This is a high-stakes game, with violent confrontation an ever-present danger.
Land grabs will not be tolerated. At least, this is the message that has come repeatedly from government in outlining its plans. Land reform and the radical redistribution of property will be undertaken under the aegis of a mighty and benevolent state. Do-it-yourselfers and opportunists have no place in this scheme.
Yet as events unfolding to the south of Johannesburg have shown, land invasions are a feature of our society. Much in the news lately has been the erection of a shack settlement near Lenasia South – and the response from established residents.
Replicating images that are only too common in the country – roads blocked by makeshift barriers of rocks, and burning tyres belching acrid smoke – residents took to the streets in protest.
Their concerns were varied. There were allegations that the settlement was bringing crime. Illegal electricity connections and the use of water were said to be disrupting services. Perhaps most important were the implications for the value of the community’s homes. This is unsurprising, since a home typically represents the largest investment that any individual will make in his or her life, and a threat to it is often a threat to the accumulated fruits of a lifetime’s labour.
This is especially the case for the less affluent. Ordinary people, in other words. Their net worth will be heavily bound up with their homes, and they lack the resources and diversity of assets that would allow their wealthier peers to grumble and walk away when one property is rendered worthless.
Hence the protest. This was directed not at the residents of the shack settlement, but at the government. As in innumerable ‘service delivery’ protests, the aim is to attract enough attention to force a government response. In this case, the demand is to remove the settlement. Given the notional commitment of the government to preventing land invasions – expressed by no less a figure than President Ramaphosa – this should be uncontroversial.

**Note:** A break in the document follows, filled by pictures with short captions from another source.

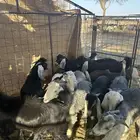 تيوس العدد16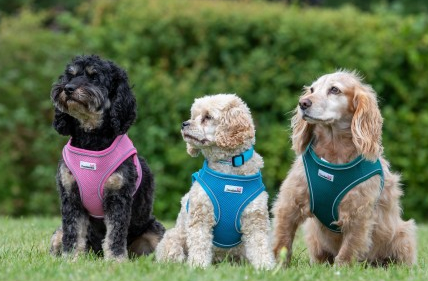 snappy dog harness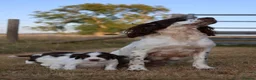 English Springer Spaniel dogs for sale: English springer spaniel  - Advert 4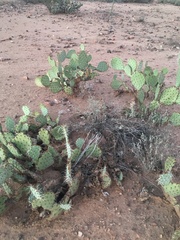 Opuntia engelmannii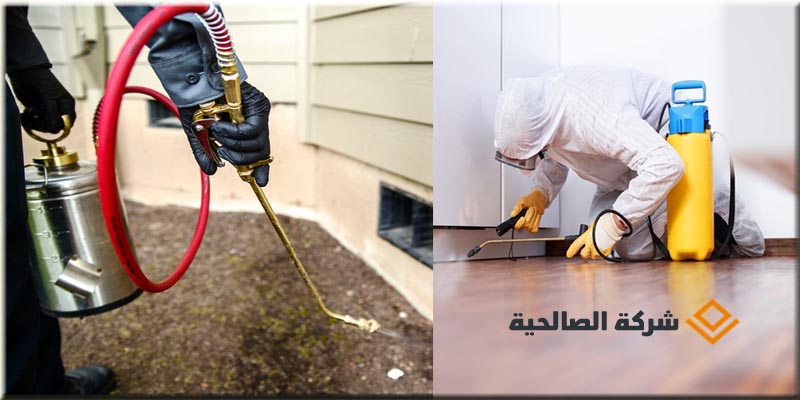مكافحة حشرات وغسيل الخزانات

The reality is different, and such action is often delayed. This may arise from a genuine concern about what Johannesburg mayor Herman Mashaba called ‘two competing and highly complex challenges which face government at all levels’ – these being the need for housing on the one hand and law enforcement on the other. Or it may be that political leaders, having denigrated property rights as so much ‘privilege’ – an implication of the drive towards Expropriation without Compensation – are reluctant to spend political capital protecting them.

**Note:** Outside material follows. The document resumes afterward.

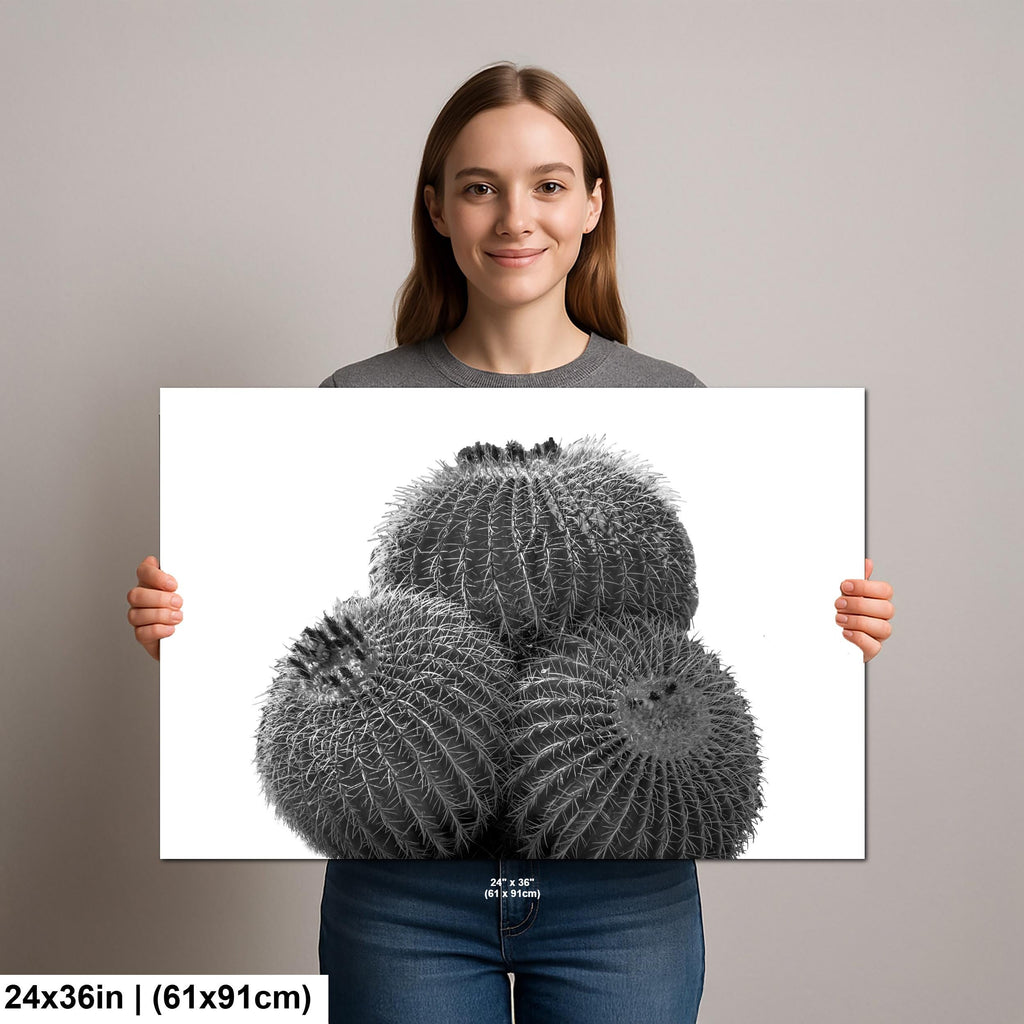 Palm Springs Barrel Cactus Photography Print: Black and White Desert Decor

Or it may be simply that too much of the state is compromised and ineffective, unable and unwilling to take decisive action, and by default allows things to take their own course.
This is a high-stakes game. In the Lenasia South affair, there have been reports of violent confrontation between the two groups. These are disputed, but are an ever-present danger under such circumstances.

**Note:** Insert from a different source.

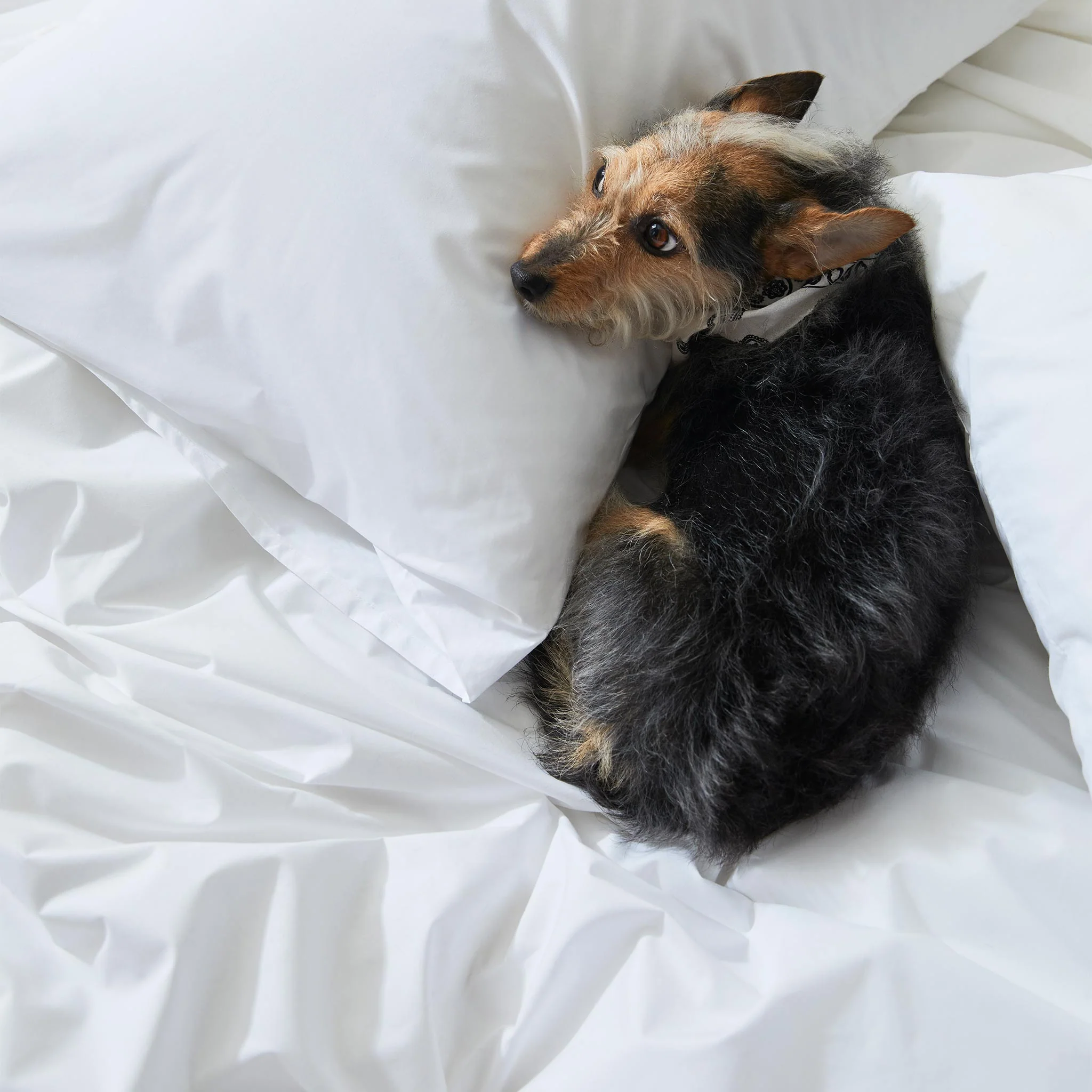 Classic Percale Core Sheet Set - Image 59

One resident was quoted in a report as summing up the mix of sentiments: ‘We are done talking. How do you talk to a government that doesn’t listen? It’s time we fought to defend our houses. It’s time we fought to protect our electricity infrastructure which is also under threat from these illegal land invaders. Even if I die, I’ll die peacefully knowing that it was within my rights to fight to protect what is mine.’
Gauteng Human Settlements MEC Lebogang Maile, meanwhile, expressed concern that ‘this situation has the potential of getting out of hand and degenerating to racial war’.
He’s correct to fear that the situation might ‘get out of hand’, if what has been going on doesn’t justify that description already. But it’s simplistic to draw racial lines. Certainly, there is plenty of evidence that African homeowners feel under pressure.
In any event, Lenasia South is far from unique. Last year, a confrontation arose in Protea Glen in Soweto. The concerns – property values, crime, utilities – were in all material respects identical. That is hardly surprising, since their interests were identical. Challenges to one’s assets are likely to provoke remarkably similar responses across communal boundaries, and irrespective of the nature of that challenge.
And as long as government is willing in effect to tolerate land grabs – its rhetoric aside – the danger of things getting ‘out of hand’ is real.
Equally, as long as government is willing to tolerate land grabs, the dangers to people’s property – whatever their colour or background – will be profound.
Terence Corrigan is a project manager at the Institute of Race Relations.